Re: (no subject)



ons 2003-05-21 klockan 21.54 skrev Havoc Pennington:
> > * translator point of view: when a maintainer updates all the po files
> > in a module, it doesn't bring anything, and potentially ruins some
> > translator work. The updated po files shouldn't be committed.
> > 
> > * developer point of view: a tarball content must exactly match what is
> > tagged in CVS. The updated po files must be committed, or the build
> > tools must be fixed not to modify those po files (the build tools still
> > need to check the validity of those files though).
> 
> There's another issue isn't there - if you never commit the modified
> po files, when do the line numbers etc. in the po files ever get
> updated? Do translators always do that themselves when they update a
> translation?

Yes.
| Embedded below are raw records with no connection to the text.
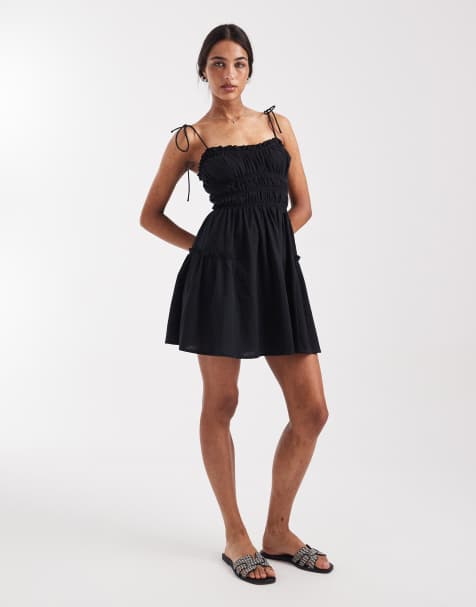 ASOS DESIGN - Faith - Rynket og sort strand-minikjole - view 1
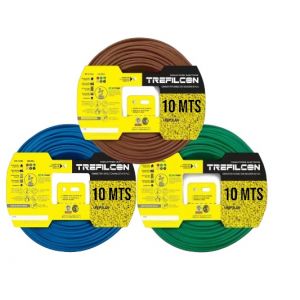 CABLE UNIPOLAR 2.5 MM TREFILCON X 10M PACK X 3 COLORES (MARRON - CELESTE - VERDE/AMARILLO)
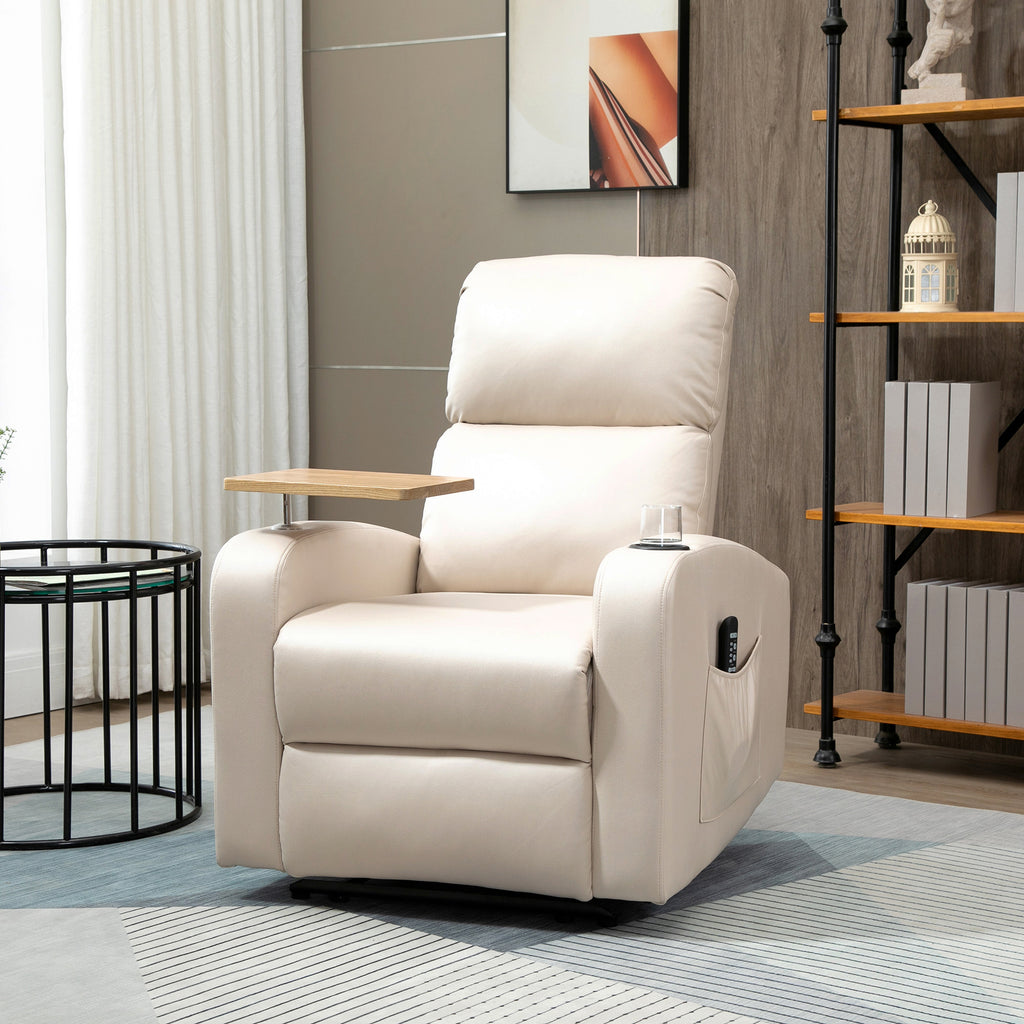 Massagesessel Relaxsessel Liegesessel, 1 Klapptisch, 1 Fußstütze; 77 cm x 93 cm x 105 cm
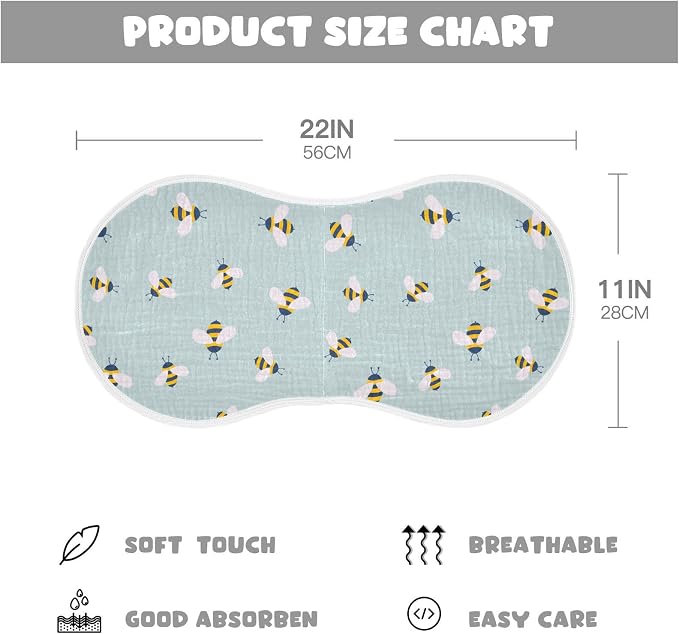 Muslin Burp Cloths for Baby Boys and Girls - 2-Pack Ultra Absorbent Cute Bee Muslin Washcloths, Newborn Towel, Milk Spit Up Rags, Burp Cloth Bibs for Unisex, 22 x 11 Inch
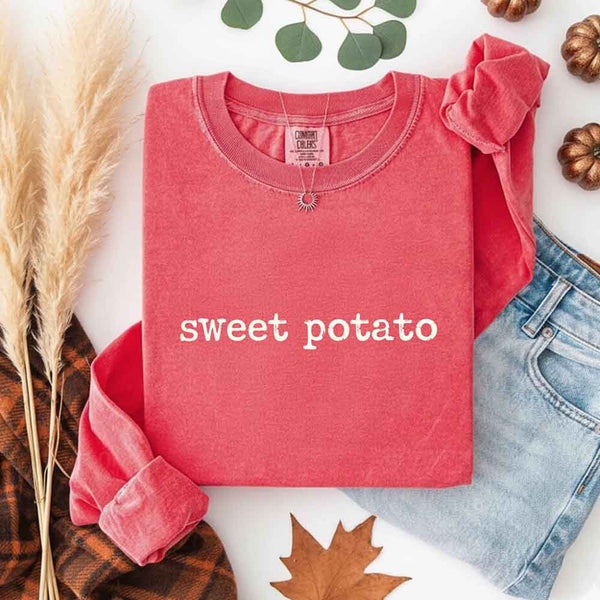 May include a pair of matching fall-themed couple longsleeve shirts from Comfort Colors featuring playful “Sweet Potato” and “Rude Potato” designs. The shirts are styled with humorous graphics or text in warm autumn tones, perfect for couples celebrating the season with a lighthearted touch.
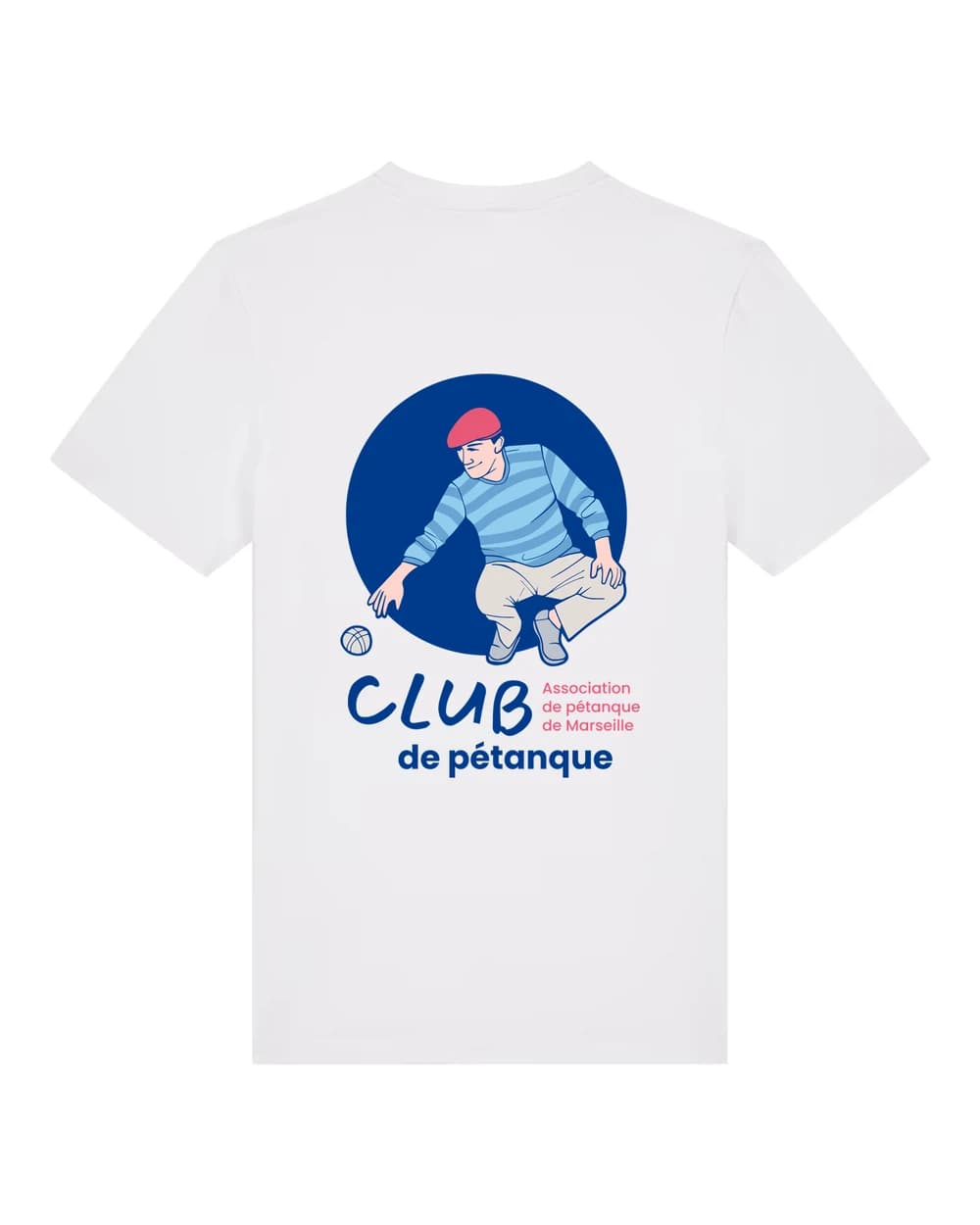 T-shirt blanc d’association marqué de l’écusson d’un club de pétanque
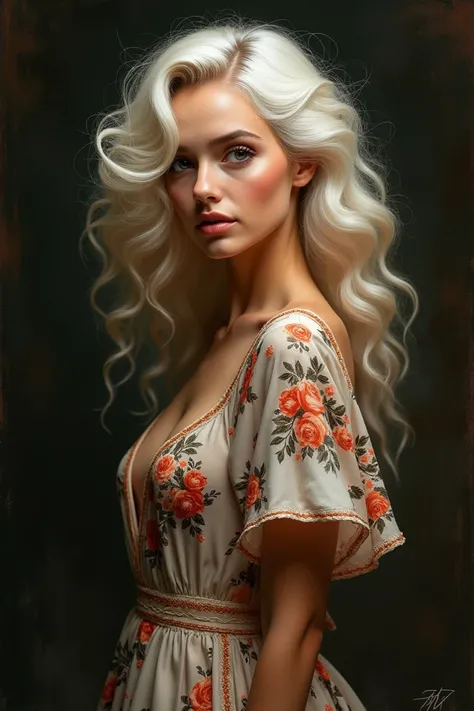 beautiful woman , artistic pose, perfect symmetric eyes,  with soft lush curly warm white long hair flowing, digital painting, with a beautiful delicate silk dress printed with flowers, art portraitby Razumov Konstantin, a ultra hd detailed painting, compl...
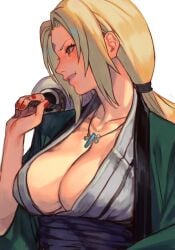 1girls bare_chest big_breasts blonde_hair blush breast_focus breasts brown_eyes bust busty carrying carrying_object center_opening chest cleavage clothed clothed_female crystal drink drunk female female_only fingernail_polish fingernails grin haori holding holding_object hungry_clicker in_profile japanese_clothes jar jewelry kimono large_breasts light-skinned_female light_skin lips long_hair looking_away low_ponytail mature mature_female mature_woman nail_polish naruto naruto_(series) naruto_shippuden necklace no_bra obi oppai parted_lips pinup sake sash sidelocks smile solo solo_female solo_focus tsunade upper_body white_background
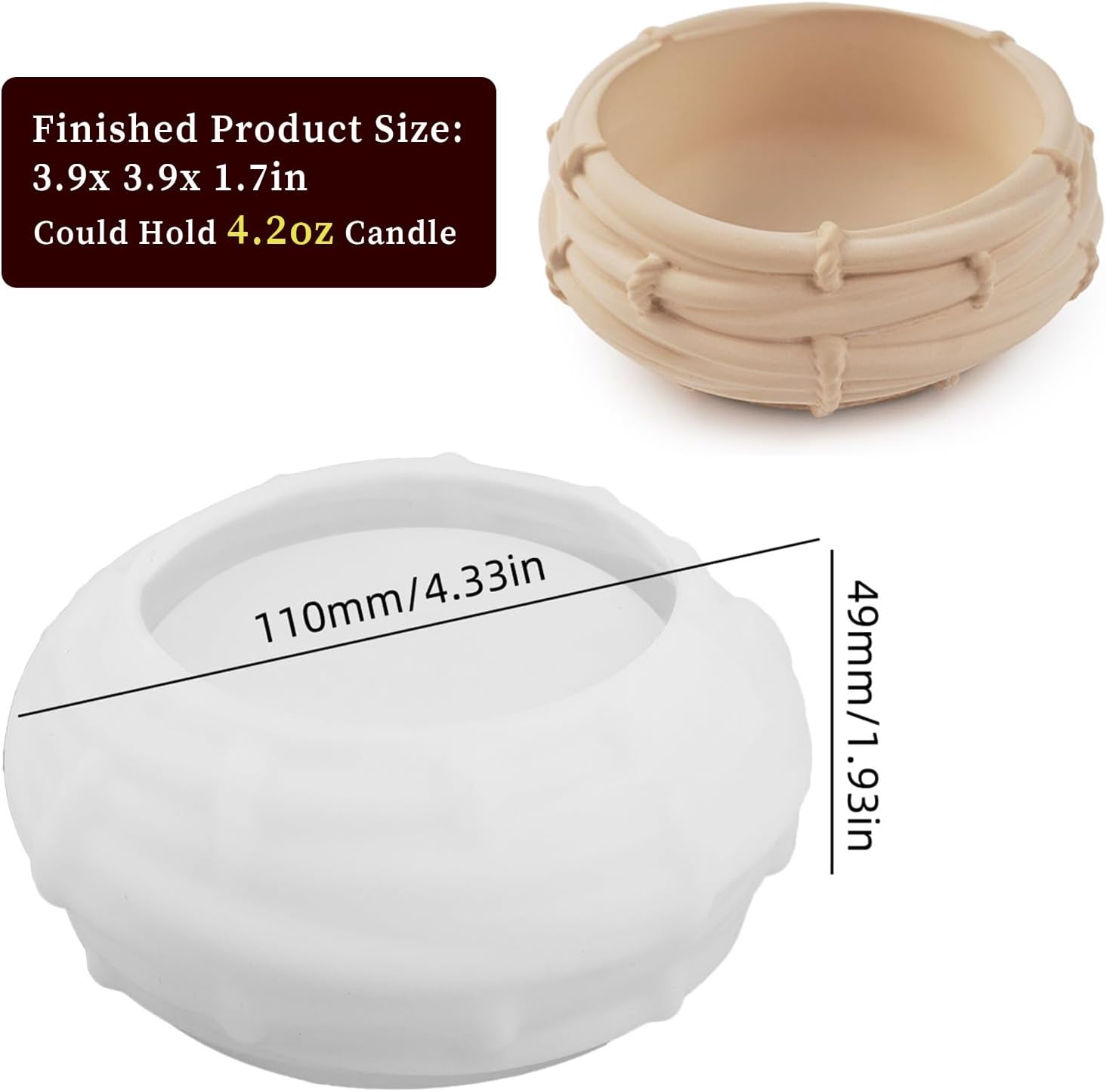 Wehous Resin Mold Bird Nest Shape Bowl Candle Holder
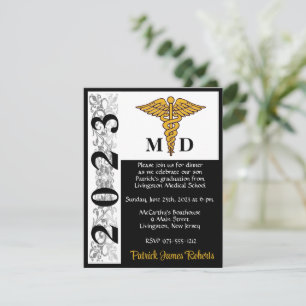 Caduceus Black & Gold Medical School Graduation Invitation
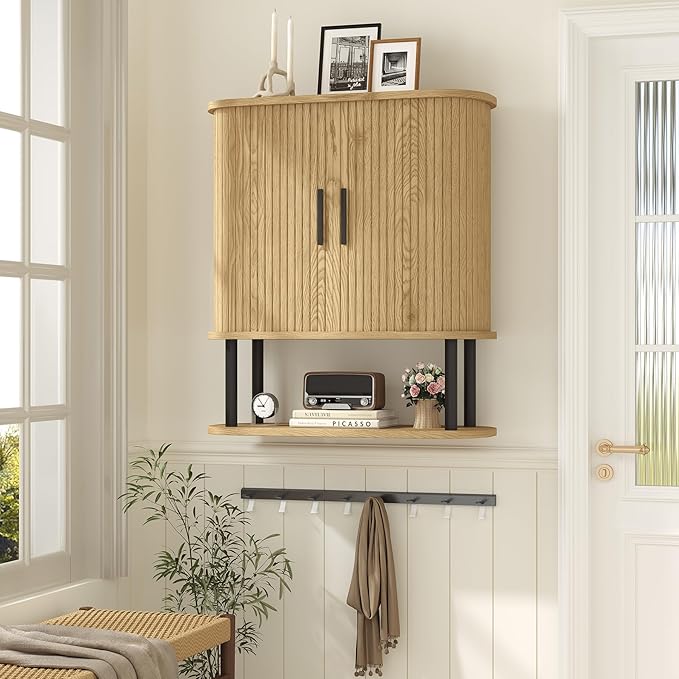 Bathroom Wall Cabinet, Over The Toilet Cabinet with Sliding Doors and Adjustable Shelf, Space Saver, Wall Mounted Medicine Cabinet for Laundry Room & Kitchen & Living Room, Natural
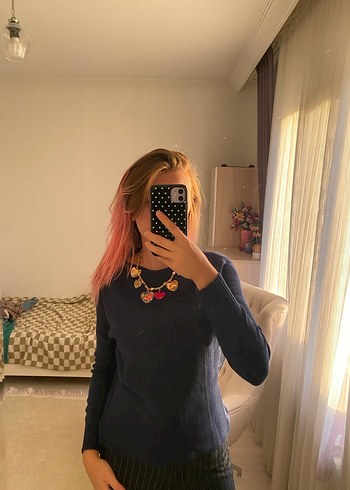 s Beden mavi Renk Kadın Lacivert Triko Kazak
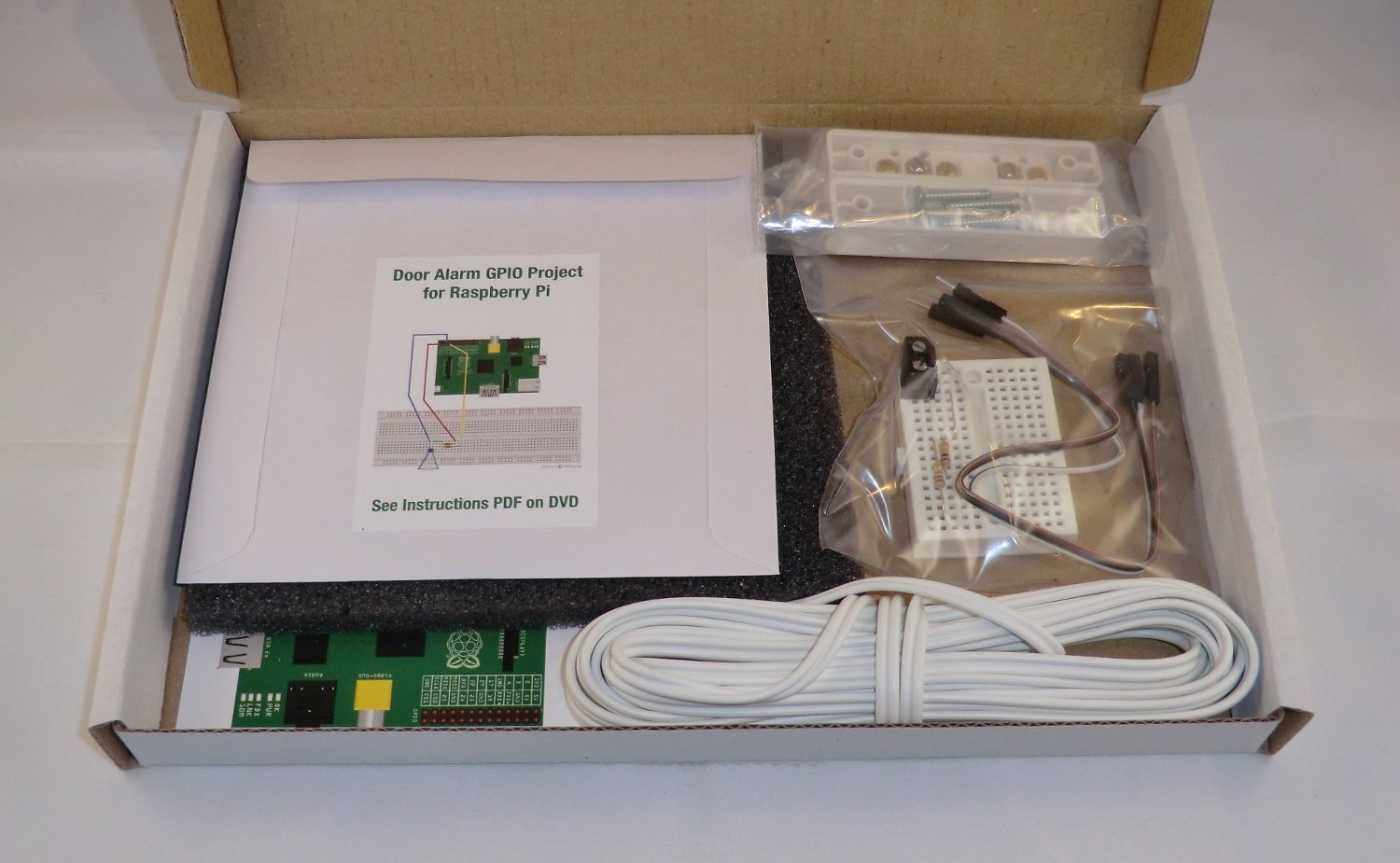 Includes breadboard, magnetic reed switch door sensor, three metres of bell  wire, resistors & connection wires to Pi. Also includes easy-to-follow PDF  ...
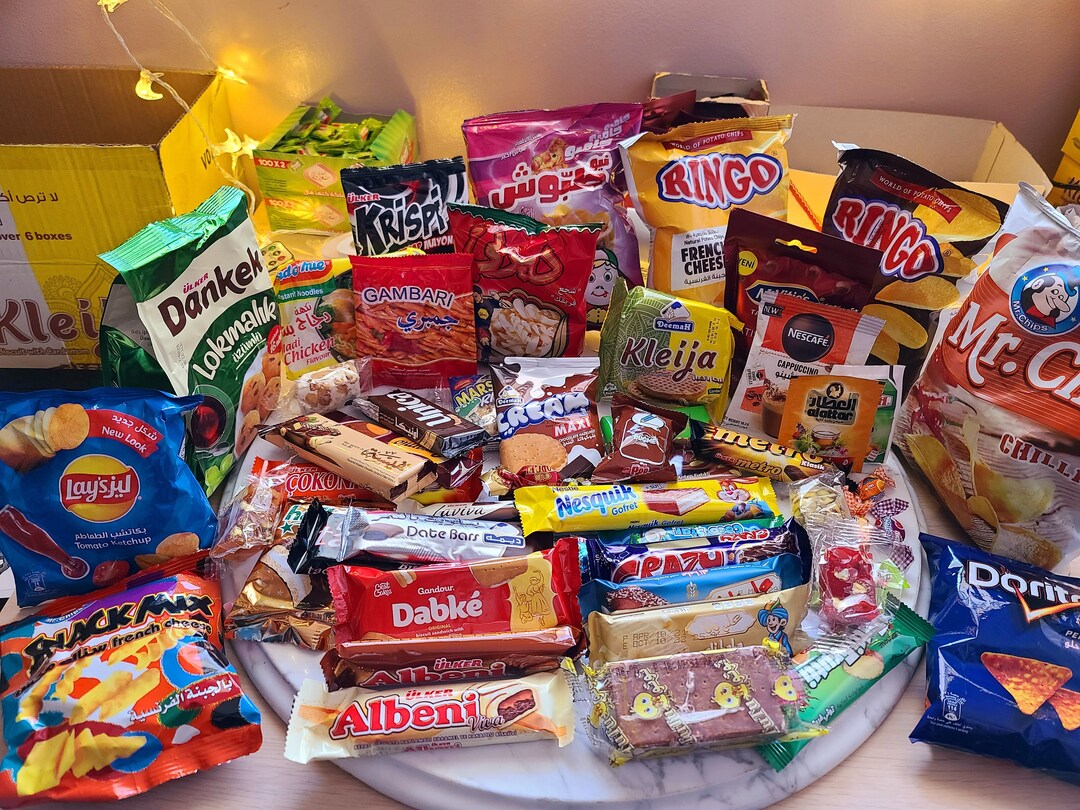 Middle Eastern Snack Box 30-60 pcs, Halal Snacks, Arabic & Turkish Treats: Saudi, Jordan, Palestine, Turkey, Iraq, Lebanon, Christmas Gift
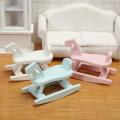 1/12 Scale Dollhouse Wooden Horse Chair Model for Dollhouse White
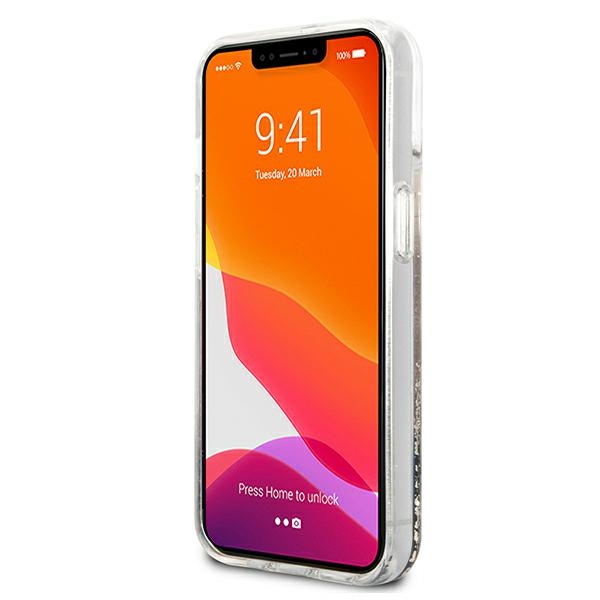 Etui GUESS Apple iPhone 13 Mini Peony Liquid Glitter Złoty Hardcase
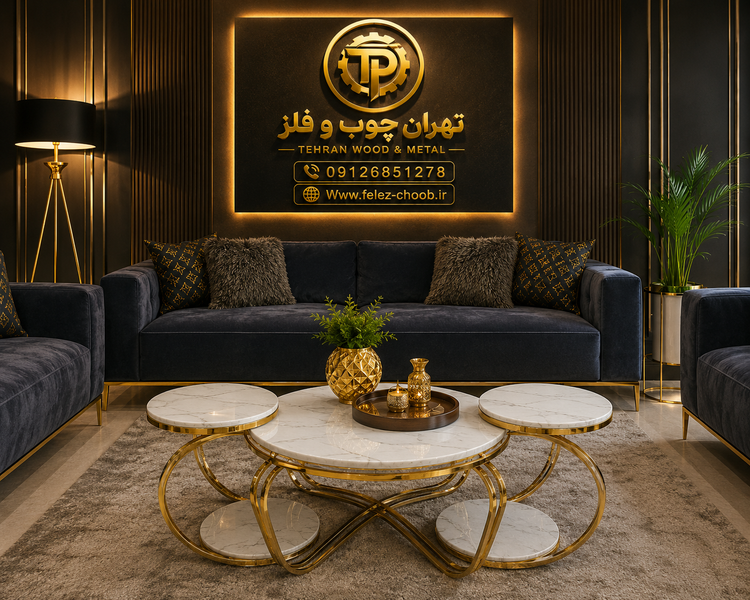 میز جلومبلی و عسلی لاکچری کد ۲۱۳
When translators update po files[1], they always run
"intltool-update xy" first, where 'xy' is the language code, which
essentially does what make dist would do to the specific po file in
question: It updates the source references, makes the messages in the po
file match those that are used at that time in the source, and performs
fuzzy matching, etc.
So when po files are updated by translators, they are always regenerated
to match the latest state first.

Some translators pick the po files from the translation status pages [2]
but those are also regenerated and matched with cvs sources with
intltool several times a day when the status pages are updated.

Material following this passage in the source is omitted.